At 05:04 PM 9/20/01 +0100, Jeremy Carroll wrote:



> > FWIW, I'm having a separate discussion with Martin Duerst about this issue
> > with respect to CC/PP (an application of RDF);  Martin seems to think the
> > XML system identifier rules should apply to URI values in RDF -- I'm
> > pressing for clarity about why this is so, given that URIs per se cannot
> > contain non-US-ASCII characters.
> >
>
>I think this is a no-brainer from an internationalization point of view.
>
>When a non-English speaker wishes to write a meaningful rdf:about or
>rdf:ID value then they will use non-US ASCII characters.
>
>Since URIs are US ASCII somewhere someone has to do the conversion, and
>the %HH encoding of UTF-8 is the correct conversion to do.
>
>It is necessary for a spec to say who does the conversion, and given
>that RDF/XML is meant to be (barely) end user readable, it should be in
>their language. Hence the RDF/XML processor needs to do the conversion.

I have no problem with that position.  I just don't think it's clear from 
the XML spec (for system identifiers), the XML namespace spec (for 
namespace URIs), or the current RDF spec (for URI-valued attributes, etc.).

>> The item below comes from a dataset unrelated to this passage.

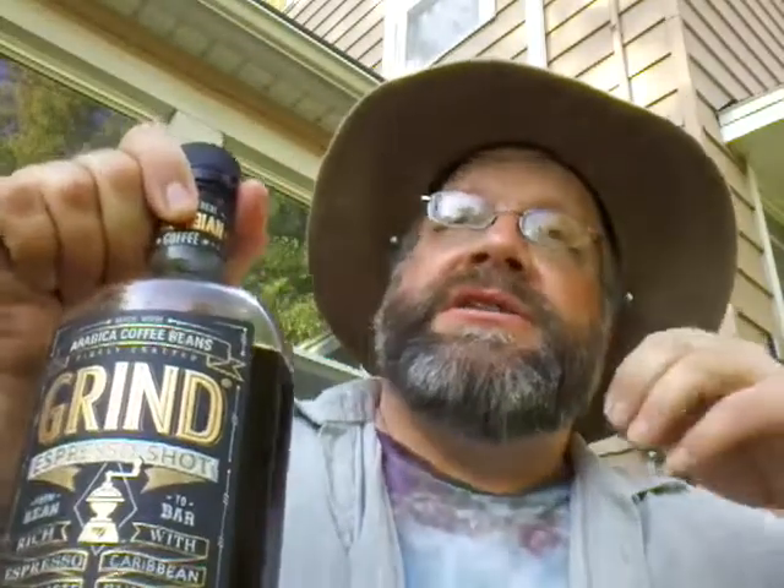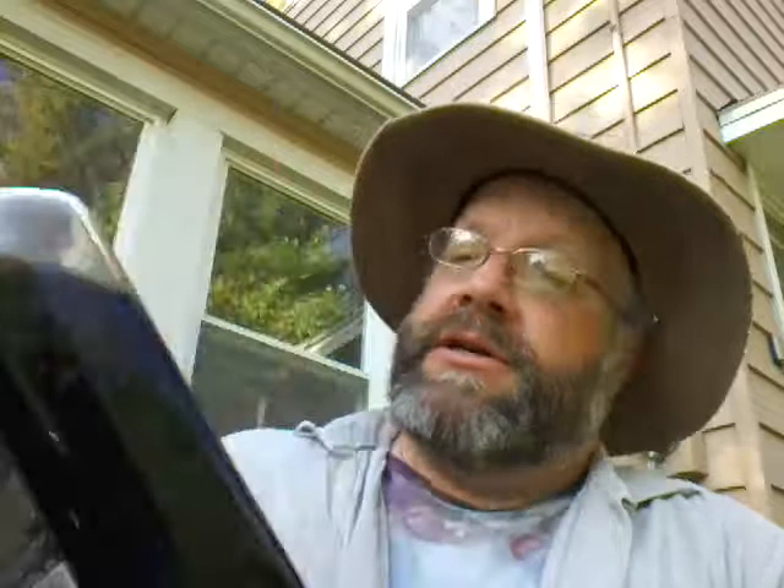So there you go. This is a review of Grind Espresso Shot. In the comments, feel free to pick up your product from the link below. Or better yet, go out, buy it, try it yourself, see what you think, and make a review. Tell the rest of us on YouTube your thoughts on Grind Espresso Shot. Until next time, keep on drinking.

I think that when one says a piece of text has URI syntax, and that it may 
also contain non-US-ASCII characters, then the latter has to be stated very 
clearly.  This is not completely at odds with RFC2396, which talks about 
characters -> octets -> URI-character mappings.  But I do think that when 
one talks of URIs in data streams, what is usually meant is a sequence of 
URI-characters;  i.e. the US-ASCII subset used by URIs.

#g


------------------------------------------------------------
Graham Klyne                    MIMEsweeper Group
Strategic Research              <http://www.mimesweeper.com>
<Graham.Klyne@MIMEsweeper.com>
------------------------------------------------------------

Received on Thursday, 20 September 2001 14:01:28 UTC